*TASK BRIEF*
When you reach a picture, pass over it; otherwise repeat the listing word for word.

*DATA BLOCK*
────────────────────────────────────────
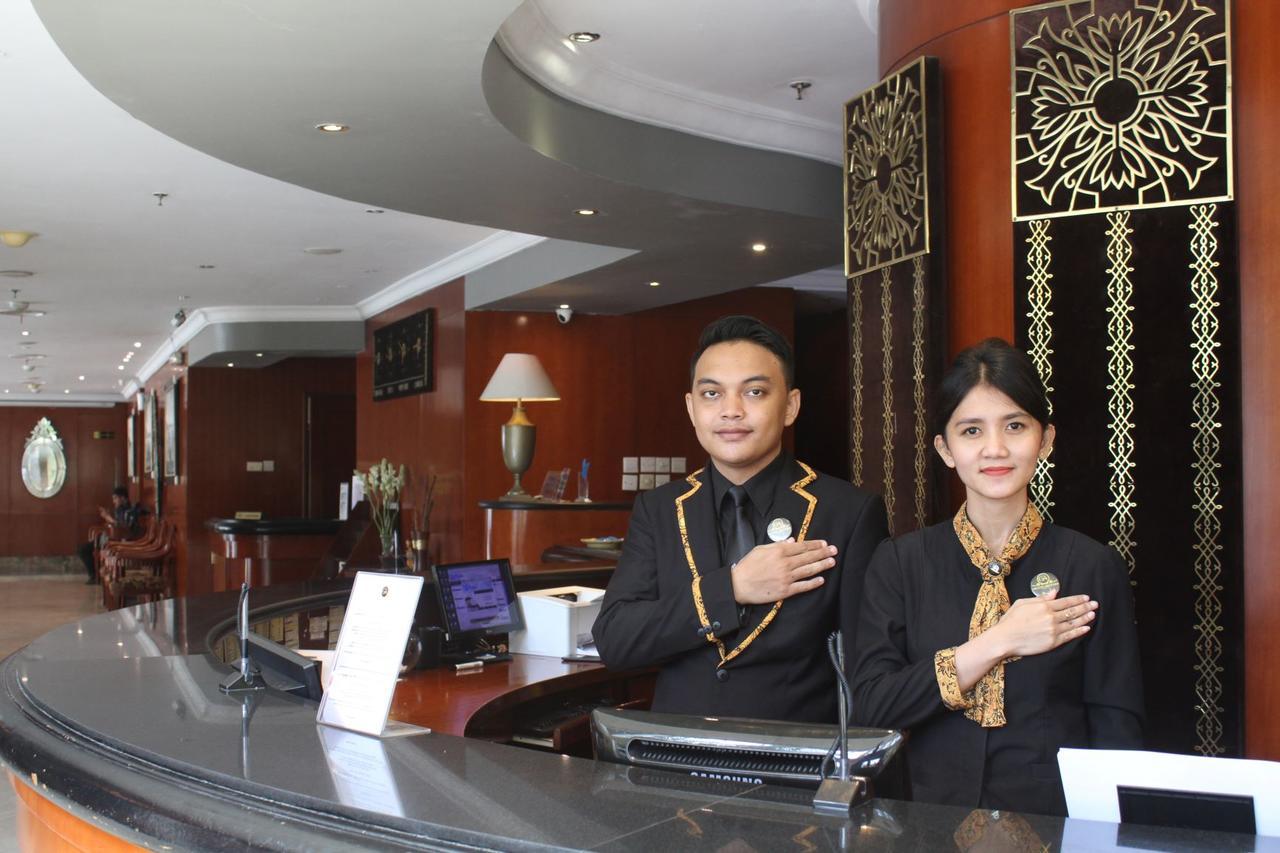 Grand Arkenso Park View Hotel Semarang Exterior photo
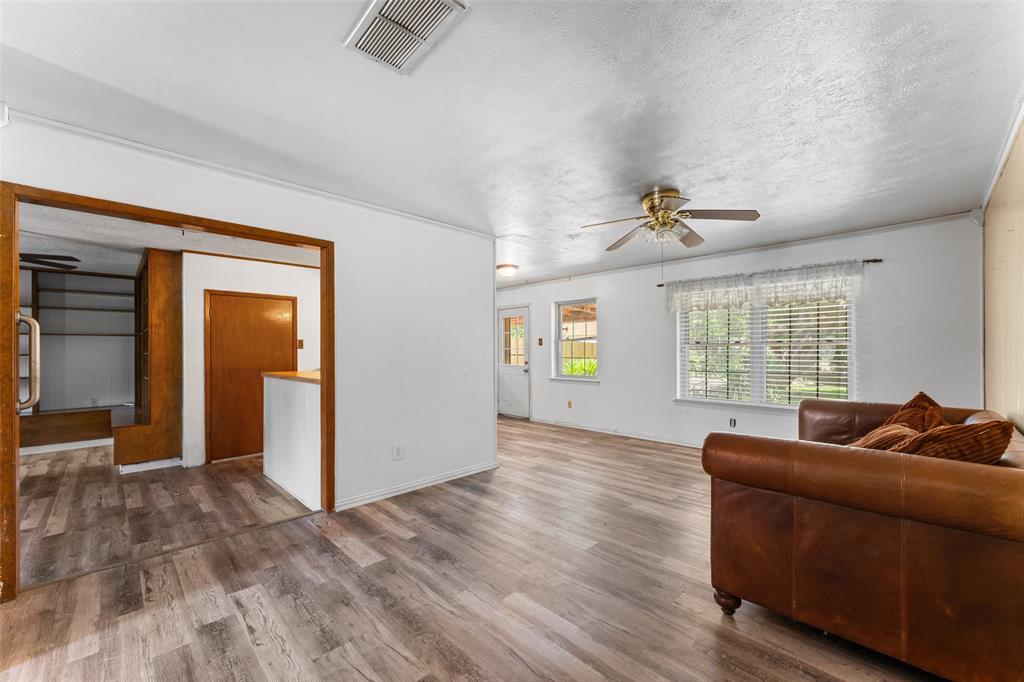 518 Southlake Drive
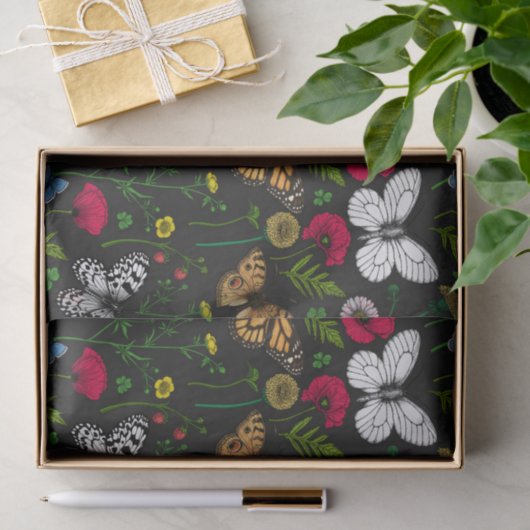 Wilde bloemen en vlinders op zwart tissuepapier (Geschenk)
────────────────────────────────────────
*RESULT BELOW*
 Grand Arkenso Park View Hotel Semarang Exterior photo
 518 Southlake Drive
 Wilde bloemen en vlinders op zwart tissuepapier (Geschenk)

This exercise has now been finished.